Aim of the task:
Exact copies of the lines below are the goal; any images in them are dropped.
Given data START
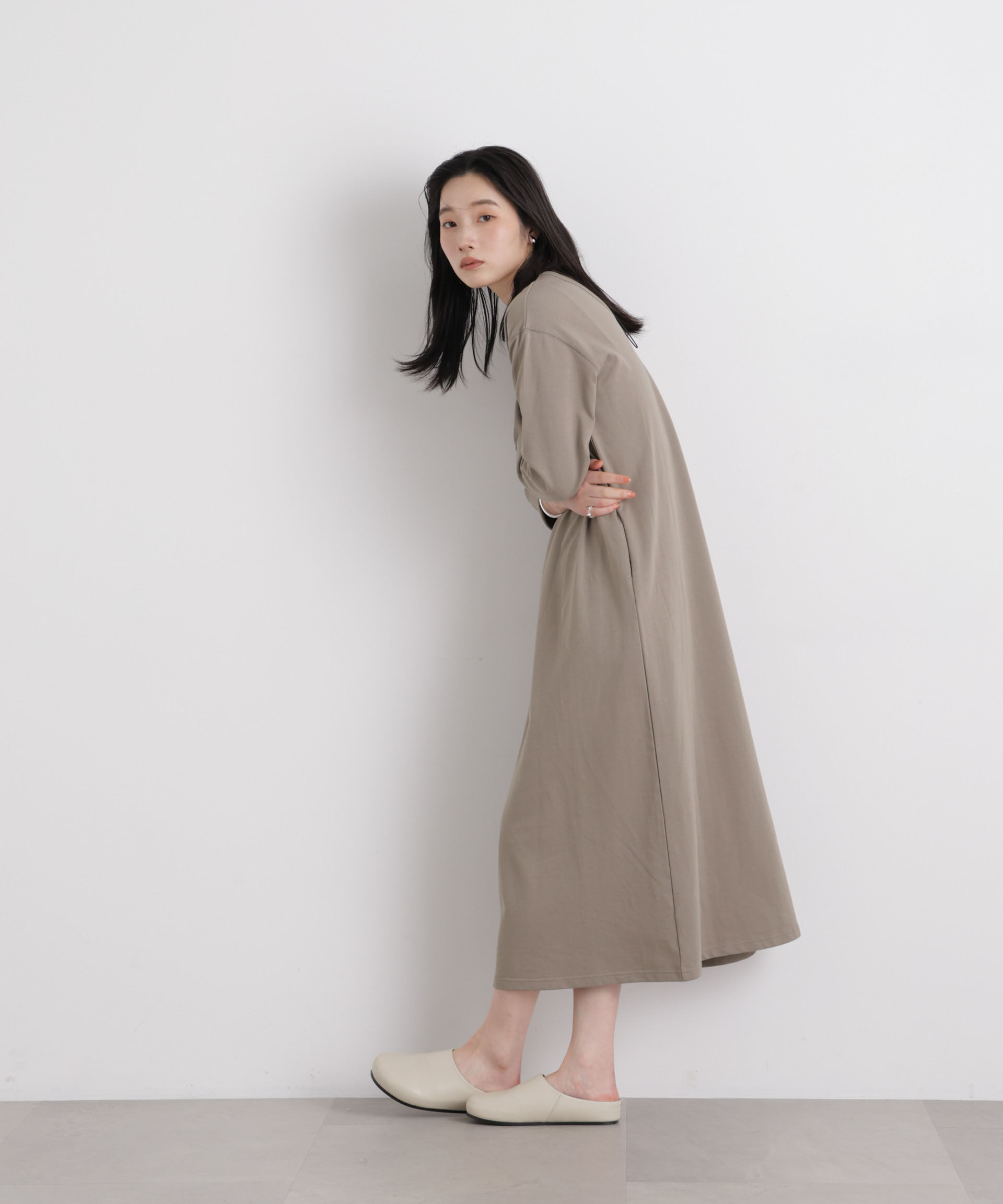 nano･universe「前後2wayチョーカー付きカットワンピース」|ワンピース|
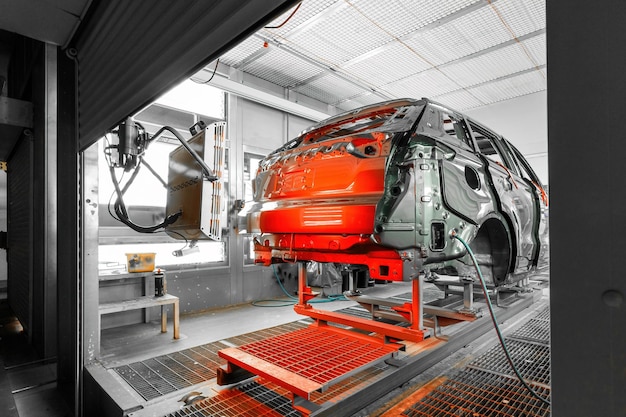 Foto verniciatura della linea di produzione di automobili impianto di assemblaggio di automobili moderne auto rossa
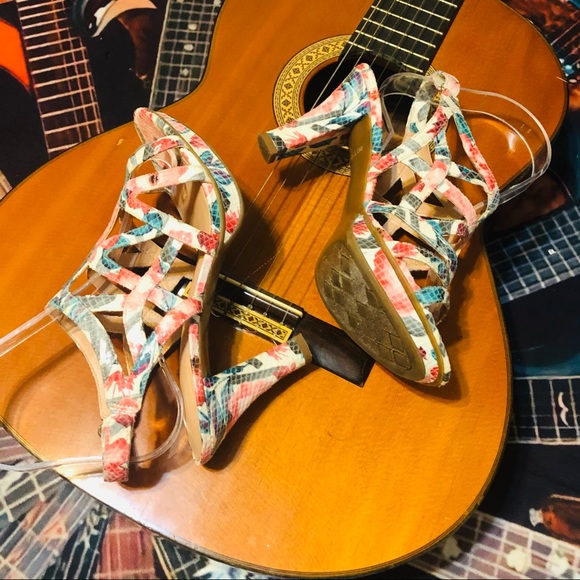 💐Naturalizer Snake Pattern Heeled Sandals! - Picture 14 of 15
Given data END
Task response:
 nano･universe「前後2wayチョーカー付きカットワンピース」|ワンピース|
 Foto verniciatura della linea di produzione di automobili impianto di assemblaggio di automobili moderne auto rossa
 💐Naturalizer Snake Pattern Heeled Sandals! - Picture 14 of 15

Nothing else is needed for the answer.